For the poetry workshop that I taught this past spring, I used a variety of materials to help students enlarge their understanding of what contemporary poetry can hold, and to help them define their own set of aesthetic criteria. In addition to using a prose reader, several handouts on critical terminology, and an anthology of contemporary poems, I decided to take my friend Adam Vines’s half-joking Facebook suggestion to use the journal he edits as supplementary reading. I never had a workshop teacher use journals in a class, and I wasn’t entirely sure how I would do so, but the idea appealed to me. I ended up choosing two journals that included a hefty number of poems as well as book reviews, and that did not add much to the cost of the materials for the class: Birmingham Poetry Review (No. 38), edited by Vines, and the Cincinnati Review (issues 6.1 and 7.1), whose managing editor is Nicola Mason. Both editors were kind enough to supply copies for students at a deep discount.
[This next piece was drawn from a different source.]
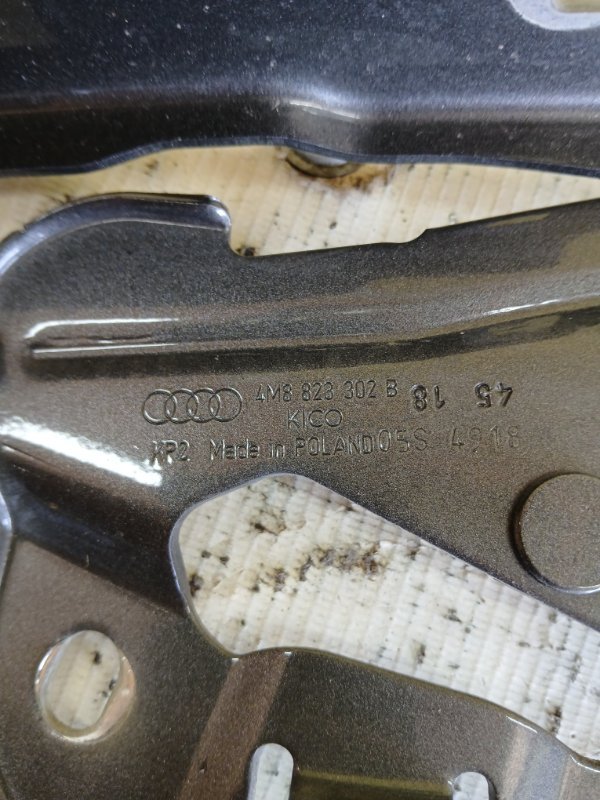 Петля капота передняя правая Audi Q8 3.0 DCBD Петля капота передняя правая Audi Q8 3.0 DCBD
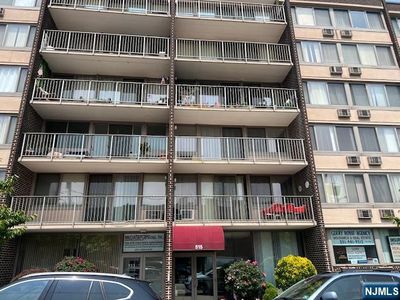 515 Anderson Ave APT 2G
In week three, each student wrote his/her first poem for the workshop and prepared a brief, informal presentation based on one poet published in a given journal. As a follow-up assignment, in week seven, students wrote a reflection that addressed: what they learned about their journal, two poets it contained, trends in contemporary poetry that the journal embodied, what they learned as poets from reading it, as well as any challenges and pleasures that the readings presented.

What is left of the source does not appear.